Ballou's Monthly Magazine
Vol. XLVIII, No. 1 (Jul 1878)
pp. 56-61.

56 Ballou's Monthly Magazine.



      Dave Dunn generally had a stock of yarns ready for any and all occasions, and one hearing him would say that his stories were either strictly true, or very cleverly extemporized. But from cultivating his acquaintance during a long cruise which we made as shipmates, I came to suspect that he invented most of his yarns in his idle hours, and spent some care in elaborating the incidents. and fixing them in his memory ready to be made use of as occasion might require. I had been reading Montgomery's poem, "The Voyage of the Blind," and was making some comment upon that sad story to Dunn, when he said carelessly: –

      "Yes, I remember reading about that voyage, and it was indeed a very strange yarn, – so strange that I didn't believe it, though it is rather a good thing to write poetry upon. By the way, I have never told you, I think, about the voyage of the Shakers."
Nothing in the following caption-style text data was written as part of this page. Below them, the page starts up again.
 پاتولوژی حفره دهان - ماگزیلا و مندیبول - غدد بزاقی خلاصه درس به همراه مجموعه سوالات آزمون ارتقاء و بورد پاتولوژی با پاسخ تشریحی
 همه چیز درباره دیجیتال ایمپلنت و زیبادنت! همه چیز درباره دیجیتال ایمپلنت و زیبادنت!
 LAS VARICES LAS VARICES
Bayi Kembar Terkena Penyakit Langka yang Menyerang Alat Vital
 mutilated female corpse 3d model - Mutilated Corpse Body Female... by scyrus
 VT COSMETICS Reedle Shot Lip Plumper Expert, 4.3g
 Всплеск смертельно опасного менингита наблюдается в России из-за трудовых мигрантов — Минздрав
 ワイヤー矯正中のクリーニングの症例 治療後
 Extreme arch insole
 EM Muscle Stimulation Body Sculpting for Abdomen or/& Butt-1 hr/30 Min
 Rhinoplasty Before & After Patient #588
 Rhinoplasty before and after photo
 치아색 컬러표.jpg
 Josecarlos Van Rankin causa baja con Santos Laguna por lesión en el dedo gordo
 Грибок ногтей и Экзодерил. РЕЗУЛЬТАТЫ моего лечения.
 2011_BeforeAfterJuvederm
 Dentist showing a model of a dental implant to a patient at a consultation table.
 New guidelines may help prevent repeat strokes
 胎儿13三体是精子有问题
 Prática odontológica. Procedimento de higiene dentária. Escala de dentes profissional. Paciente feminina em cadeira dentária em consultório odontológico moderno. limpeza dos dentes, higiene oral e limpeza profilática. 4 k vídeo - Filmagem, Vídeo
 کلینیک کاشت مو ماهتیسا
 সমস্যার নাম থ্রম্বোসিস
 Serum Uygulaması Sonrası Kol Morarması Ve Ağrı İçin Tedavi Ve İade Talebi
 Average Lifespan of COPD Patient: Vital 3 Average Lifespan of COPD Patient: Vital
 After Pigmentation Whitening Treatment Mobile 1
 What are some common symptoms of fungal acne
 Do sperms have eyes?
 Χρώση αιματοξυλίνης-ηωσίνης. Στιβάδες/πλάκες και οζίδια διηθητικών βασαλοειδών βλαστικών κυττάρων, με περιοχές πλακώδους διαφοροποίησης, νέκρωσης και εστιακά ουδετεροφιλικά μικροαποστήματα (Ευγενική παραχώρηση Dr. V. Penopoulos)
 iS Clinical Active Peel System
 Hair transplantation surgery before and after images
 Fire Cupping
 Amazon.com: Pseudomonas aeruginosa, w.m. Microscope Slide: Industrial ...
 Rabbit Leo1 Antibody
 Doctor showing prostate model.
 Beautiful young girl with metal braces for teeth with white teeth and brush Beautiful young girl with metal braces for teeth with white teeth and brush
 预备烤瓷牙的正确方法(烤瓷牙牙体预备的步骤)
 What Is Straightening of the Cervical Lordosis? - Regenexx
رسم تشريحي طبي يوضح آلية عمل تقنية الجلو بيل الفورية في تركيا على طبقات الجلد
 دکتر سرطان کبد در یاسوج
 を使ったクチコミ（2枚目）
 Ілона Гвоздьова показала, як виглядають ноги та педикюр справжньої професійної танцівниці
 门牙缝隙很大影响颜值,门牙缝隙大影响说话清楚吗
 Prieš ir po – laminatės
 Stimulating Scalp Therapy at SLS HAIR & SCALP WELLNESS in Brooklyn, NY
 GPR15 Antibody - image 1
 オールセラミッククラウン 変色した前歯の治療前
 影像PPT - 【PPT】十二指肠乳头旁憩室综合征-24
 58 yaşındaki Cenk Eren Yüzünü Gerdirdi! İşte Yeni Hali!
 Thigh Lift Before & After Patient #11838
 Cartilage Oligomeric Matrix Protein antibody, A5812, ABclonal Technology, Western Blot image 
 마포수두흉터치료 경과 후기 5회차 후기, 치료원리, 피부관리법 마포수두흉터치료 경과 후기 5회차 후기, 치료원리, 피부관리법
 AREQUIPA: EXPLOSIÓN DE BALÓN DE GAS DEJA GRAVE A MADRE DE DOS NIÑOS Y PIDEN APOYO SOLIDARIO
      "The Shakers!" I said, in amazement. "No, indeed! I have some knowledge of these peculiar people, for I once made a visit to their community at New Lebanon, but I never heard that any of them were seafaring men."

      "Nor I either,"answered Dave, laughing at the droll idea of any sailor having embraced the doctrines of Mother Ann Lee. The Shakers that I refer to didn't come from New Lebanon at all, but formed a very odd community by themselves. They didn't shake as a matter of religious duty, either; for it was rather a case of 'needs must when the Devil drives.'"

      "Well, give us the yarn," said I, for I had got just enough now to excite my curiosity.

      "We were homeward bound on the 'Cadmus,'" he began, "from an Indian-Ocean voyage, and had arrived nearly abreast of the Cape of Good Hope, when one morning a sail was in sight, ahead, steering on the same course as ourselves. As we had the advantage of her in point of speed, we gradually overhauled her, so that in the afternoon we were right abeam of her, within a couple of miles, and our curiosity was greatly roused by what we observed. We could see that she was a small brig, apparently a dull sailor at best, but was now under easy canvas, having her topgallant sails both furled after a fashion, but in so slovenly a manner that we thought at first they were hanging clewed up. She yawed about in a strange manner, as if the man at the helm was either drunk or asleep. She did not appear to be at all under proper management and trim to encounter the bad weather which might reasonably be expected in doubling Good Hope. As the wind was dying away when we came up abeam of her, the captain signified his intention of lowering a boat, and boarding her. As we were preparing to do so, he looked through his telescope. and saw the brig's signal going up; not steady, but by jerks, until it reached the gaff-end, when it stopped, – there being just wind enough to open and flutter it.

      "'The British ensign, – and set union down!' said the captain, with some excitement. 'Some poor fellow in distress. Lower away, and jump in there, a full crew! I'll board her myself.'

      "Handing his spy-glass to the steward, he leaped into the stern-sheets, and took the steering-oar in his own hands. We needed no urging, but were soon pulling away with all our might and muscle toward the strangers.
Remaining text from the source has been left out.